**Exercise inputs**
=-=-=

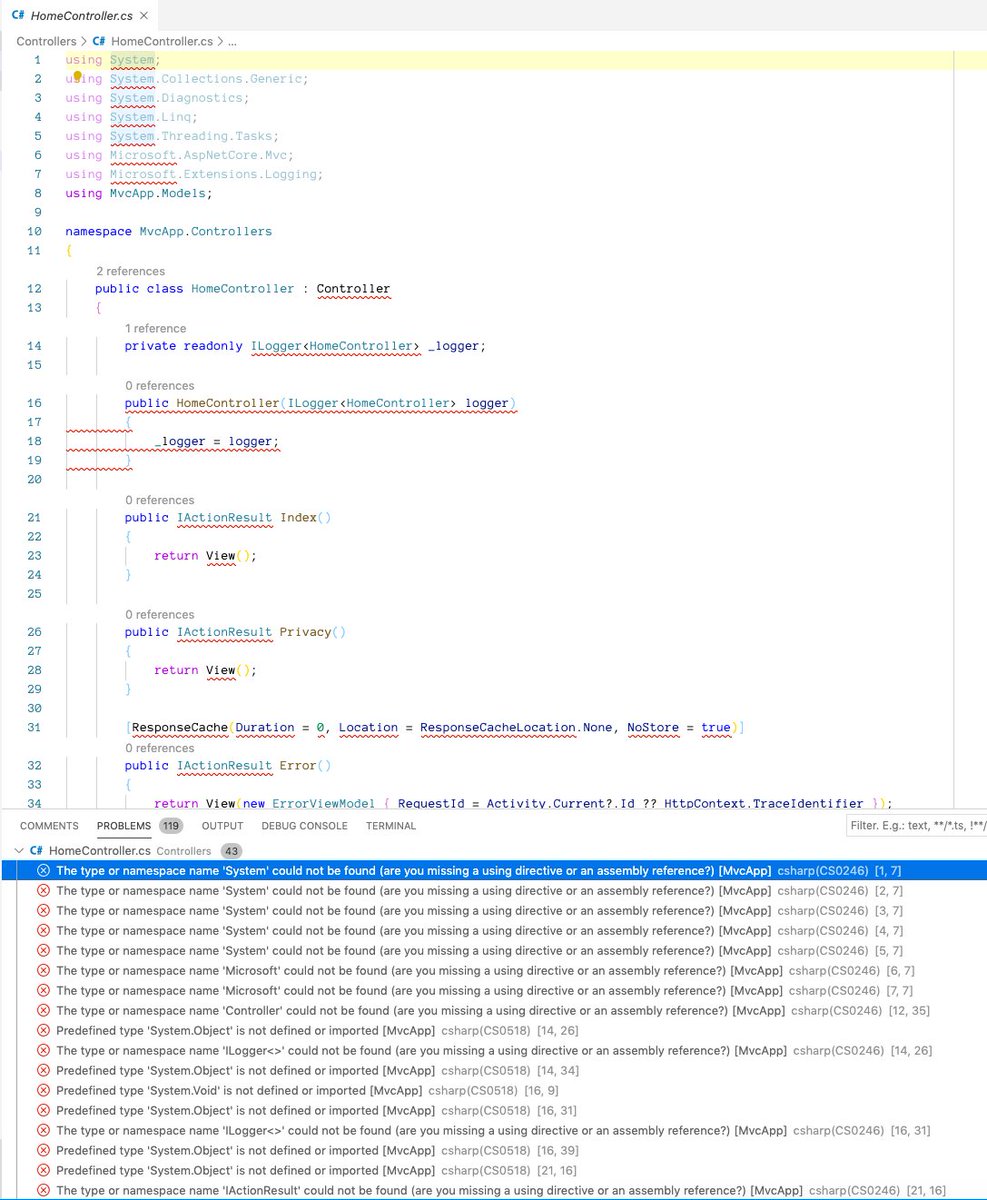 VSCode showing HomeController.cs covered in red squiggles, with the problems panel reporting 119 errors such as "The type or namespace name 'System' could not be found"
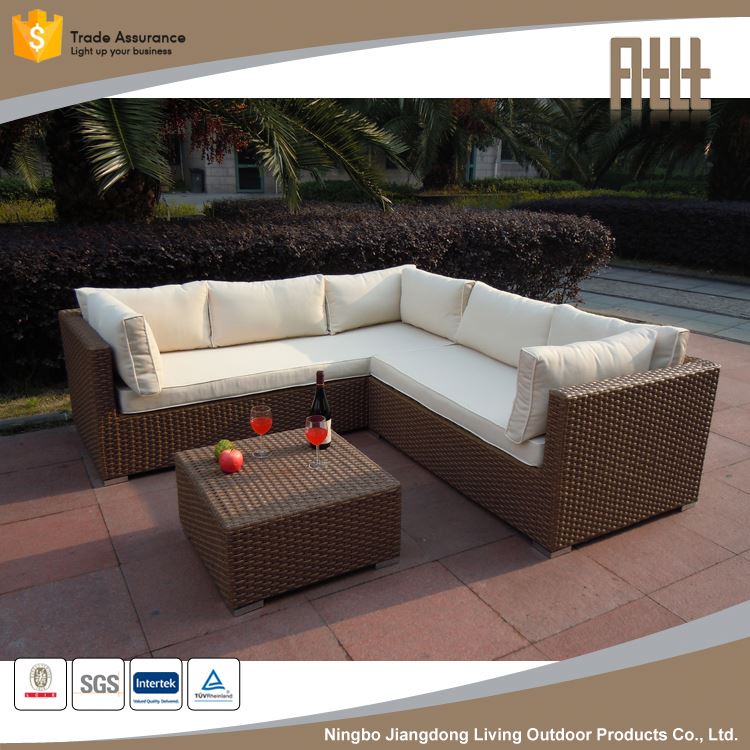 Balcony wicker patio furniture corner designs terrace rattan for garden 3 piece sofa set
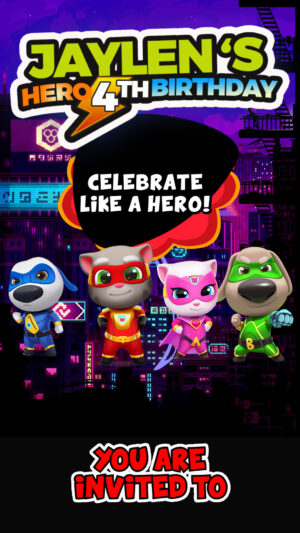 TALKING TOM HERO BIRTHDAY INVITATION VIDEO ANIMATED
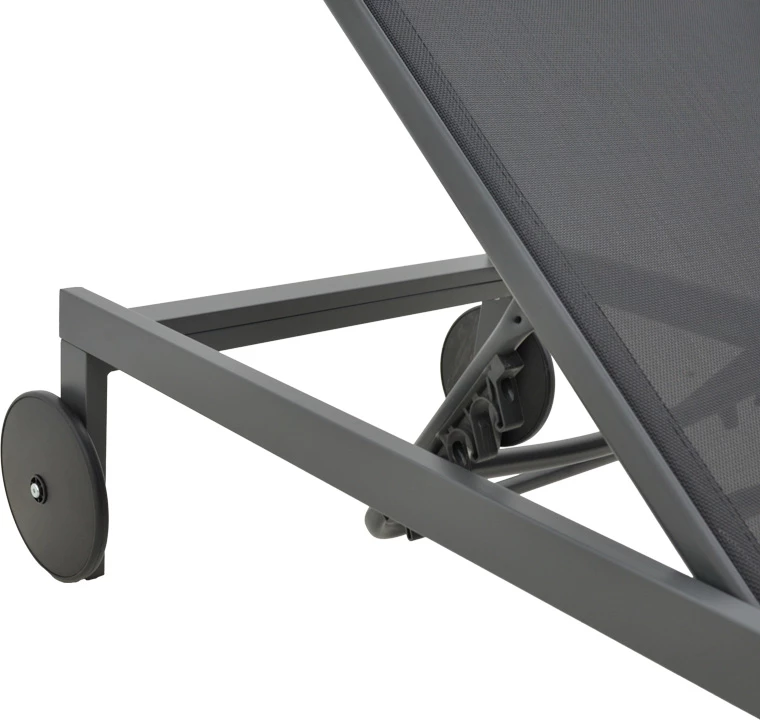 Shezlong Mailo, alumin i zi, tekstilene e zezë, 71x206x30cm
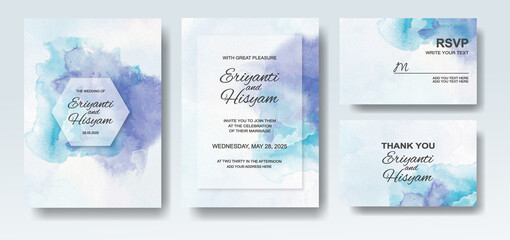Wedding invitation with abstract splash watercolor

=-=-=

**What is required**
What is needed is a verbatim copy of the lines from the line with "TALKING TOM HERO" through the last line of the listing, pictures excluded.

**Output**
 TALKING TOM HERO BIRTHDAY INVITATION VIDEO ANIMATED
 Shezlong Mailo, alumin i zi, tekstilene e zezë, 71x206x30cm
Wedding invitation with abstract splash watercolor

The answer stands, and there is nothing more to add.